On Thursday, April 3, Yanelí passed away due to complications with leukemia. She had been in a coma and was pronounced brain dead on Tuesday. She died from an aneurism on Thursday. Yanelí would have celebrated her sixteenth birthday on October 7.

Yanelí lived in Mountain View with her siblings and mother, Leydali Amaya, who divorced from Yanelí’s father last year. Being one of five children, Yanelí took on a lot of responsibility for her family after the divorce.

Amaya remembers Yanelí’s smiling personality and what a helpful daughter she was.

“She was very caring and very happy,” Amaya said. “She was the joy of the house because she was the first who would wake up on weekends.”

Yanelí’s instructional assistant Hortensia Halsted, who had a lot of contact with Yanelí’s family, said in an e-mail that Yanelí had a “very supportive and united, loving family.”

At school, Yanelí had a very “tight knit group of friends,” but she also had many other friends around campus whose lives were touched by Yanelí’s kind heart, a heart that Frost thinks Yanelí may not have known was s influential in others’ lives.

Frost remembers one of the new kids remarking to her that Yanelí was the first to say “hi” to them at school. In another’s time of uncertainty and loneliness, Yanelí was there to make the right kind of simple gesture to make them feel welcome.

“She really took pride in her relationships with her friends,” Frost said. “Her friends, her family were all very important. … She got along with everybody, including the staff.”

Although Yanelí was quiet in class, she always tried to do her best.

“She was a very hard worker in school,” Frost said. “She really wanted to do well and took pride in that.”

Yanelí’s English teacher Kathy Sulaver said in an e-mail that Yanelí was a “conscientious student” who “persevered to meet her goals.”

As a friend to all, Yanelí never had a bad word to say about anybody. Halsted said that Yanelí “showed great respect for everyone around her.”
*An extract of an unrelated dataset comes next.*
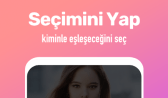 Livu APK Para Hilesi Android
“When she greeted people, she always called them by their names even if she hardly knew them,” Halsted said. “That says a lot of who she was. She made a personal connection with individuals by do that simple gesture. It made us feel special and left us with a warm feeling inside.”

Being near Yanelí was always considered a “safe place to be,” according to Frost. To Frost, the way “the world responded to her presence” was what showed her character.

“The kids used to tease her [about be quiet] and it was because she was adorable and they all knew it,” Frost said. “They all wanted her attention. She would just kind of sit there and be all embarrassed not knowing that she was really doing anything.”

In Frost’s fifth period class, the period she had Yanelí, the students’ desks are positioned in scattered places around the room, Yanelí’s desk being up front at the white board. The students have decided to keep her desk its normal position and to place a photo of Yanelí above her desk.

With Yanelí gone, those who were affected by her presence remember her and keep her in their hearts always.

“I have tremendous admiration for her and will always remember how she touched my life as well as the lives of others,” Sulaver said. “It is a tremendous loss to our school community.”